Early American eugenics drew on Spencer, Darwin, and Galton to justify programs of forced sterilization for “mental defectives,” “moral degenerates,” and other “undesirables” to prevent the inheritance of their bad traits to later generations. The Eugenics Record Office, founded in 1910 at the Cold Spring Harbor Laboratory, promoted forced sterilization as good public policy and created standardized questionnaires to help with evaluation (Eugenics Archive, 2008). By 1930, half of the states in the US had some sort of eugenic sterilization law on the books. In Arizona, inmates of the State Hospital for the Insane could be sterilized if they were the “probable potential parent of socially inadequate offspring,” and in Kansas any inmate of the state, including prisoners, could be sterilized if “procreation by him would be likely to result in defective or feeble-minded children with criminal tendencies” (Brown, 1930:23,25).

Often, however, “degenerate” meant non-white or immigrant. Even the Scopes text A Civic Biology included a ranking of races from “the Ethiopian or negro type, originating in Africa” to “the highest type of all, the Caucasians, represented by the civilized white inhabitants of Europe and America” (Hunter, 1914:196). By 1924, based largely on data presented by Harry Laughlin of the Eugenics Record Office, the US Congress passed the Immigration Reform Act, setting quotas for immigrants according to their seeming fitness and levels of “social inadequacy.” Immigration levels did not recover until the late 1980s (Eugenics Archive, 2008).

Of course the most severe example of eugenics application is the systematic sterilization and extermination of those deemed degenerate by the Nazi regime, particularly embodied by the 1933 Law for the Prevention of Genetically Diseased Offspring. The Nazis “regularly quoted American geneticists who expressed support for their sterilization policies …[and] frequently invoked the large-scale California experience with sterilization” (Paul, 1995:86). It is clear that Nazi policies drew on ideas about racial hygiene and degeneracy (Proctor, 1988), and it is clear that American scientists admired such firm policies. Of course, the use of Darwin’s ideas to legitimate prejudices reached their apotheosis in the Holocaust where, in Kevles’ words, “a river of blood would eventually run from the [German] sterilization law of 1933 to Auschwitz and Buchenwald” (Kevles, 1985:118). (Again, to be clear, unlike ID advocates who say Darwinism necessarily led to the Holocaust, we are simply claiming that Germans of this era used Darwinism to legitimate the Holocaust.)

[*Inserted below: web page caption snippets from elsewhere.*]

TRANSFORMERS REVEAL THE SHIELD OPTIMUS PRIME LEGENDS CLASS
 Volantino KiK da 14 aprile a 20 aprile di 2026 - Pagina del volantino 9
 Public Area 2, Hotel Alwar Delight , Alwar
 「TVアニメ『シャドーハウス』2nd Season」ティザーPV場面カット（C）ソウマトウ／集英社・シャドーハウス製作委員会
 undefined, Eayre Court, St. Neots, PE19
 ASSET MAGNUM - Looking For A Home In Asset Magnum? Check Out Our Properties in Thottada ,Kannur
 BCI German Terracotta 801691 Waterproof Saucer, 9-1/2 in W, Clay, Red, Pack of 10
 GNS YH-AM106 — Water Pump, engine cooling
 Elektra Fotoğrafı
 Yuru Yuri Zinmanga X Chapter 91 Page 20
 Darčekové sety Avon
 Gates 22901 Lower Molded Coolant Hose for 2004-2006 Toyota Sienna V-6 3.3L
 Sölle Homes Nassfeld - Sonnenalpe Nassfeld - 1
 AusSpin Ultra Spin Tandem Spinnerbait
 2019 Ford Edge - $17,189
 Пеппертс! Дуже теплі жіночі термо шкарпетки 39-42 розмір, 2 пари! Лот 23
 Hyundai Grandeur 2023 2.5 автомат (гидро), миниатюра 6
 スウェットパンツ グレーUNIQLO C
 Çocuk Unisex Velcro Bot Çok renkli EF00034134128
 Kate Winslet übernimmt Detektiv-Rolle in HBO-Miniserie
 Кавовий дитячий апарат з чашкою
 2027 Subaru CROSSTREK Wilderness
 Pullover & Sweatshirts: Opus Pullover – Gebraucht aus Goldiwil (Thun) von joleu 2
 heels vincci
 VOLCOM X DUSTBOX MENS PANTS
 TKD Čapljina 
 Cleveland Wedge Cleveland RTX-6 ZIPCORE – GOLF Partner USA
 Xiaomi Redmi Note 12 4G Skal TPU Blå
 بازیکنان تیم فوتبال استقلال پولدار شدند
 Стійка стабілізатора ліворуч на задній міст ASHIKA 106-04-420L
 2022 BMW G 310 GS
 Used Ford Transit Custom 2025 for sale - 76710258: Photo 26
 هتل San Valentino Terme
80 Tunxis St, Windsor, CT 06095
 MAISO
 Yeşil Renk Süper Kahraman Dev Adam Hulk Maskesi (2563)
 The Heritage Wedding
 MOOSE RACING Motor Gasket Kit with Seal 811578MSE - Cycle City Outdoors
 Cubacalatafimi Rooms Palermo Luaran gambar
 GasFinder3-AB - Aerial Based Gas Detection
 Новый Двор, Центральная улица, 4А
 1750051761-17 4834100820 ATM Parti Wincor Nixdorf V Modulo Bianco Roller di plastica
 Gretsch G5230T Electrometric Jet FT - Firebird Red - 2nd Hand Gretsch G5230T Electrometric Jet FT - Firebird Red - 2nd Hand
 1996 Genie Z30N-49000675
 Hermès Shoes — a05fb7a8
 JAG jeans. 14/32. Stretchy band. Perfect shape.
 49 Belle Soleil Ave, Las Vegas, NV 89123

By 1944, Hofstadter could speak of “Social Darwinism” as one of the most influential trends in American public life, in which Darwinism “impelled men to try to exploit its findings and methods for the understanding of society through schemes of evolutionary development and organic analogies” (Hofstadter, 1944:4). Of course the concept of Social Darwinism is flexible, and historically the term has been employed by both advocates and opponents of particular social policies. And it is arguable whether Darwinism per se acted as the conceptual source for these actions (Hofstadter, 1944), as a catalyst for many existing tendencies in American intellectual life (Bannister, 1979), or as a sort of guiding worldview partly disconnected from its scientific origins (Hawkins, 1997). But to reiterate, we are not saying that Darwin really said these things, and we are not saying that Darwinism inevitably leads to genocide. We are saying that some scientists also use Darwinism to make moral claims about social order, and that religious opponents of Darwinism were aware of their uses. Historically, this awareness would have been due to the ubiquity of the eugenics movement in America, which claimed to be “scientifically” solving social problems (Kevles, 1985; Rosen, 1997). Contemporary evidence of this awareness is in the constant reference to the Holocaust by ID advocates (for example Motive, 2008).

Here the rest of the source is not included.